◆ **What you need to do**: Print the lines that start the entries and continue through the one holding "1983 Chevrolet P30 Forward Control Chassis", please, exactly and with the pictures omitted.

◆ **Raw data**:

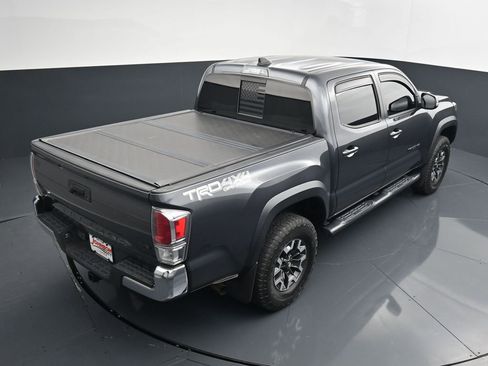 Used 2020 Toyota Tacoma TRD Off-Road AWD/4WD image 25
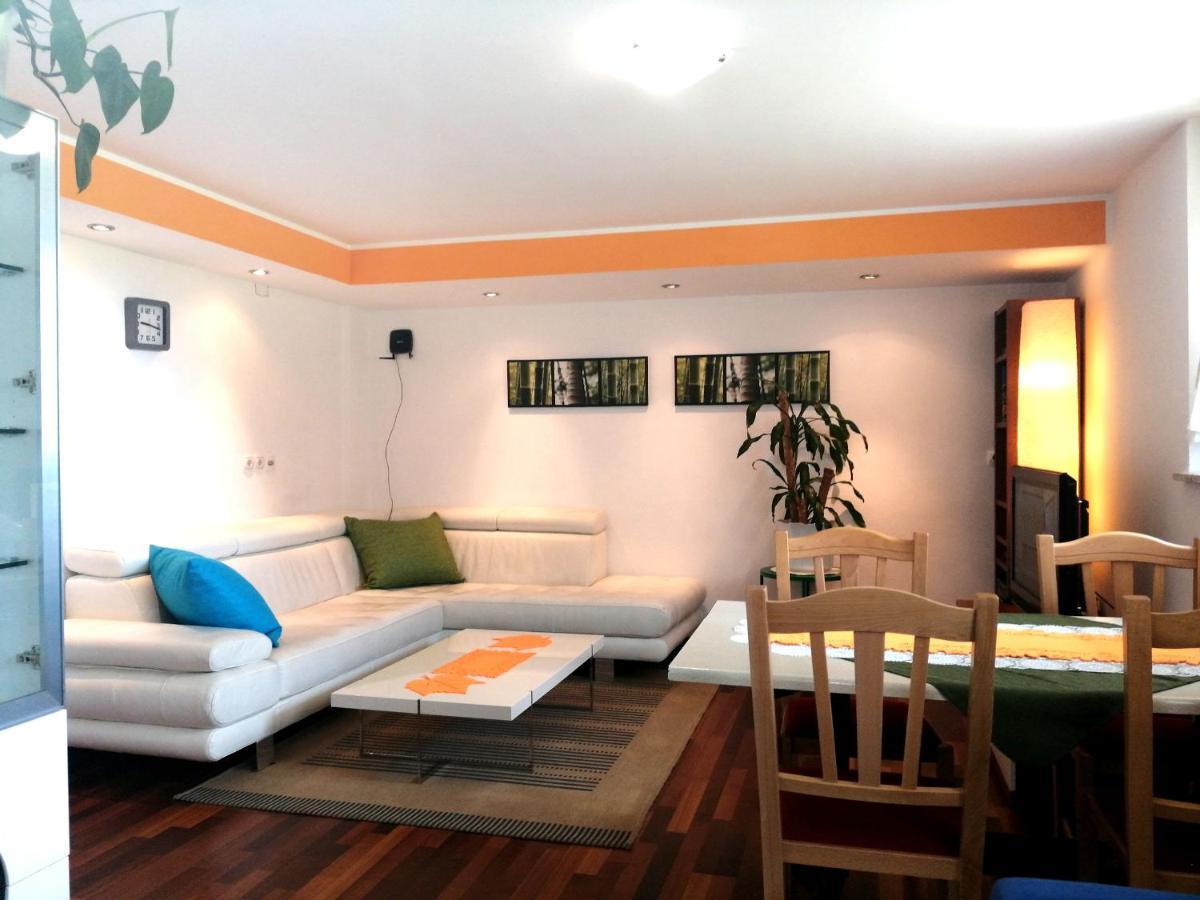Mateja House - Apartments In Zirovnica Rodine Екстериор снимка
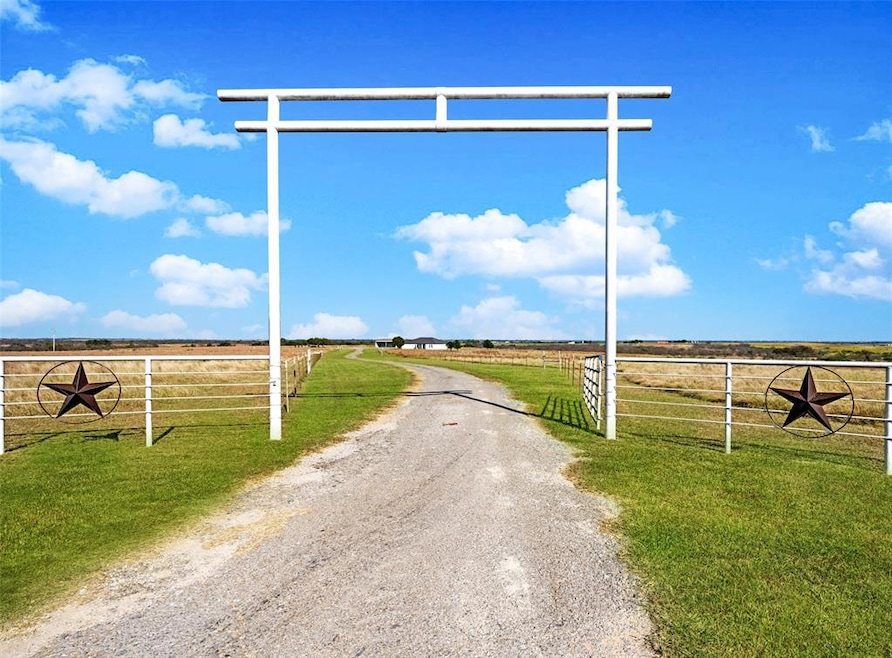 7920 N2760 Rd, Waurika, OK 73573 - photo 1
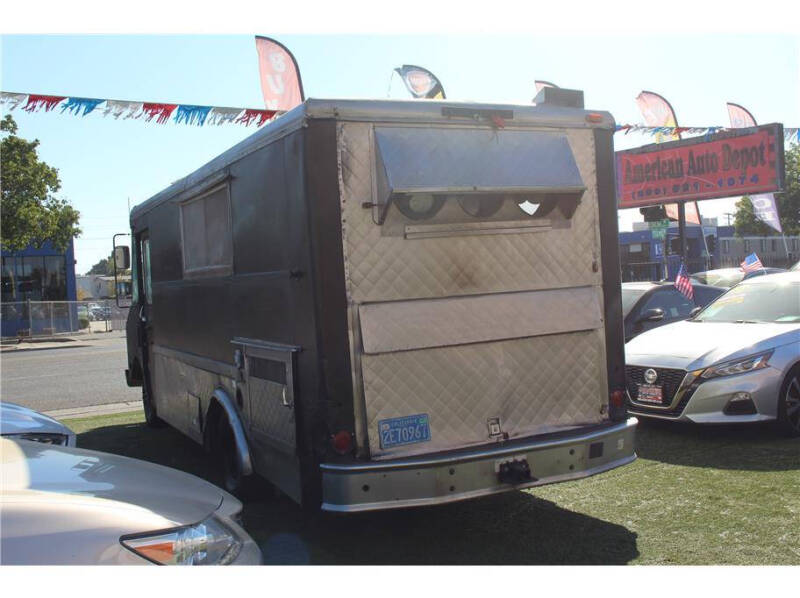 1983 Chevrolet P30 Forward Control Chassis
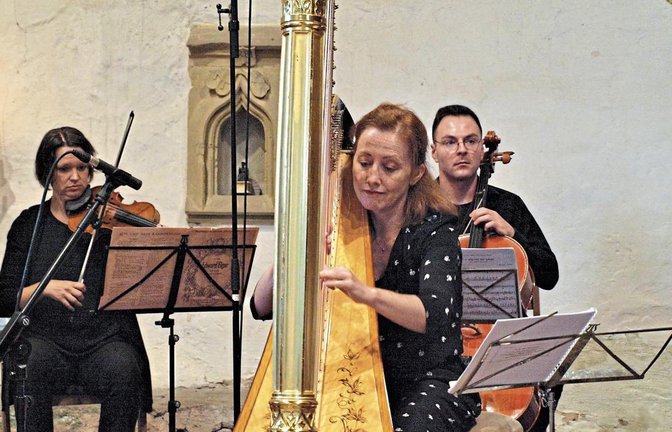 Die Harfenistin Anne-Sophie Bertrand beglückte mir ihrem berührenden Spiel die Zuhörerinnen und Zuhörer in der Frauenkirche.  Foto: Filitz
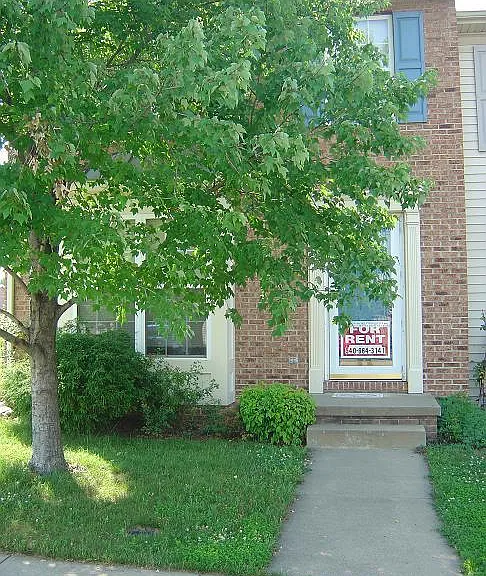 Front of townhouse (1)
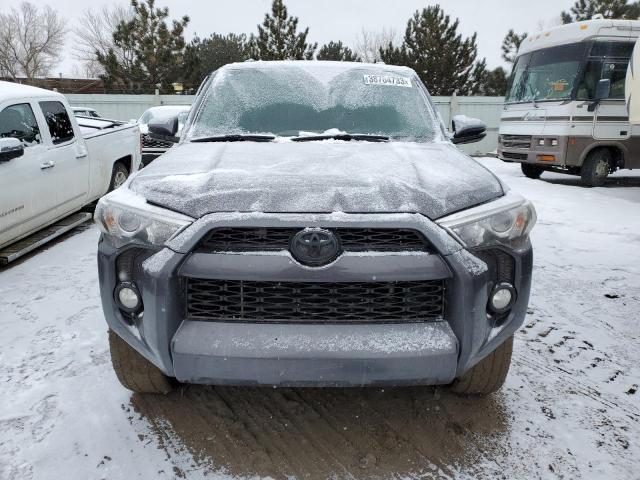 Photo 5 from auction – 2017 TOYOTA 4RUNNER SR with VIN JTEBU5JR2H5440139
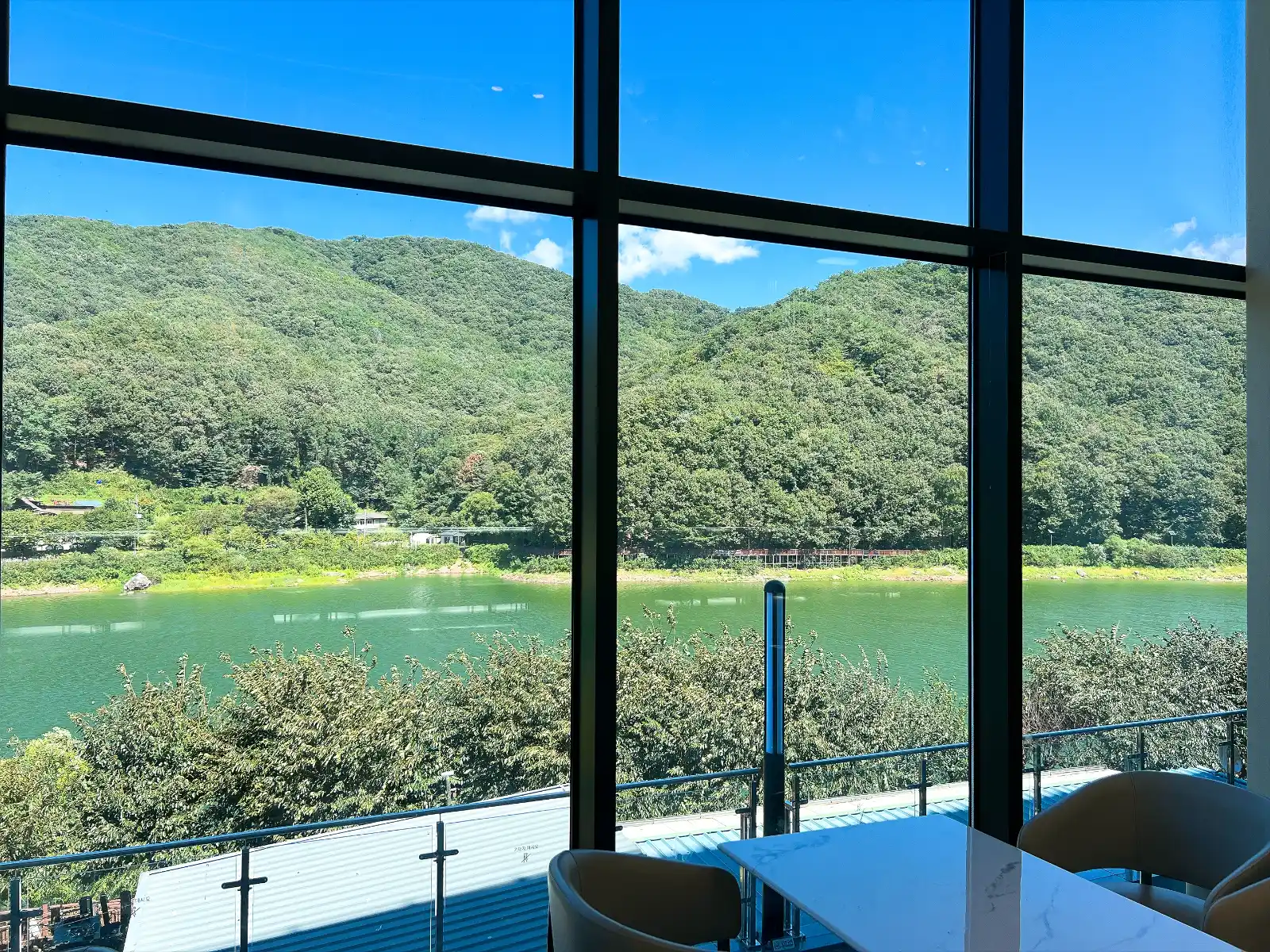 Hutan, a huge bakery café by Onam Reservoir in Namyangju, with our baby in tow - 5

◆ **Reply**:
 Used 2020 Toyota Tacoma TRD Off-Road AWD/4WD image 25
Mateja House - Apartments In Zirovnica Rodine Екстериор снимка
 7920 N2760 Rd, Waurika, OK 73573 - photo 1
 1983 Chevrolet P30 Forward Control Chassis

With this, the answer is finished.